### DATA UNDER STUDY

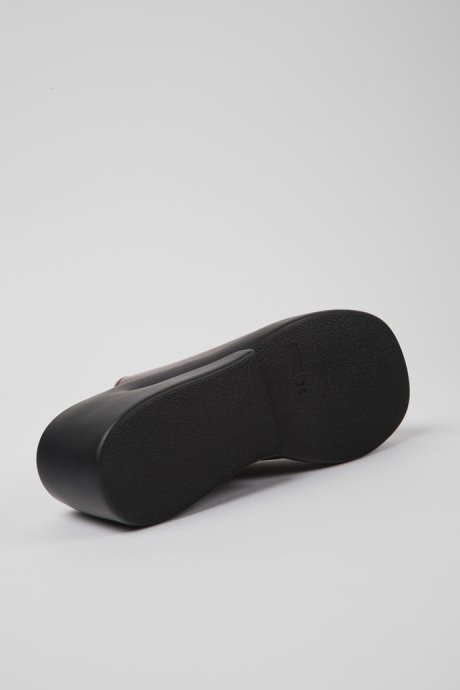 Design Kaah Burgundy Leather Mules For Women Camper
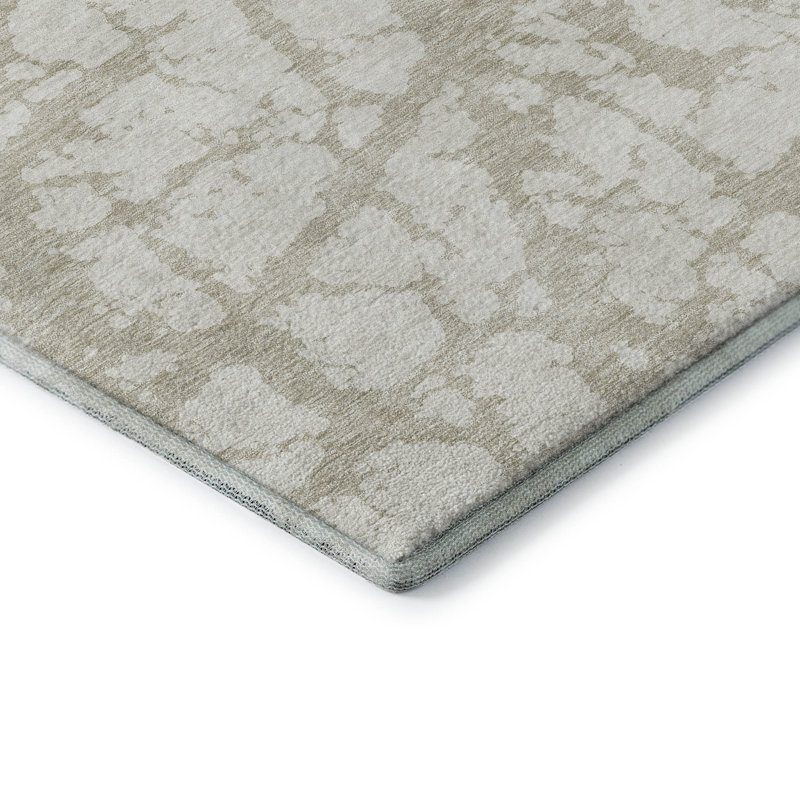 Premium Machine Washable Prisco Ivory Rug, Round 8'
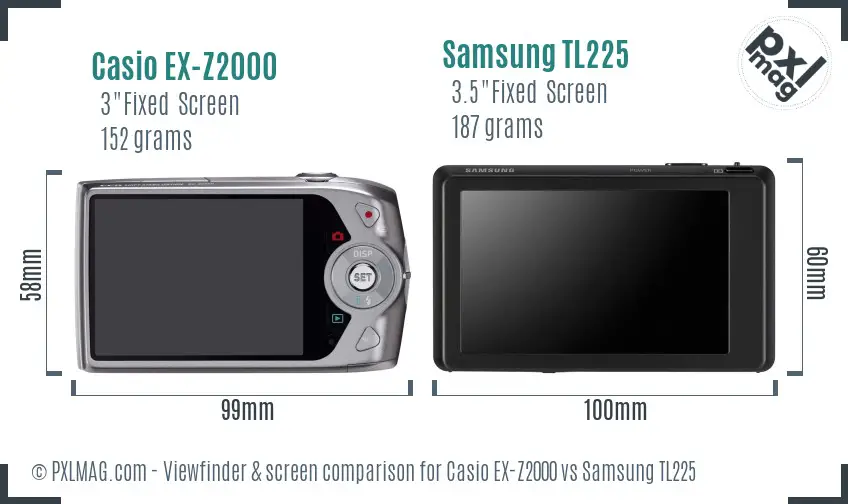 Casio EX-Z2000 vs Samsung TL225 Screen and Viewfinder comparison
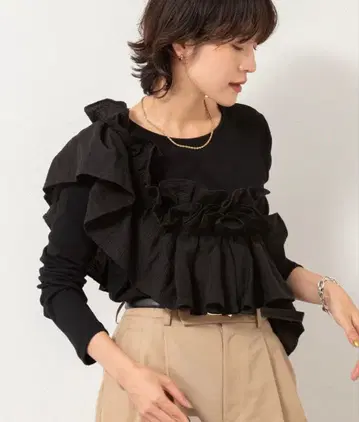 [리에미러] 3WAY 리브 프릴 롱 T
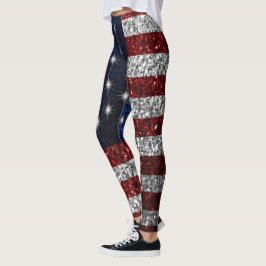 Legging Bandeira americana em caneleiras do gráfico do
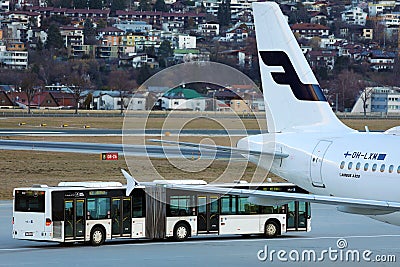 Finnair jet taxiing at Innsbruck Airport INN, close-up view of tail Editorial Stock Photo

### THE PROBLEM
Set down word for word, from the line that contains "Premium Machine Washable" to the end of the listing above, every line and no picture.

### YOUR RESPONSE
 Premium Machine Washable Prisco Ivory Rug, Round 8'
 Casio EX-Z2000 vs Samsung TL225 Screen and Viewfinder comparison
 [리에미러] 3WAY 리브 프릴 롱 T
 Legging Bandeira americana em caneleiras do gráfico do
 Finnair jet taxiing at Innsbruck Airport INN, close-up view of tail Editorial Stock Photo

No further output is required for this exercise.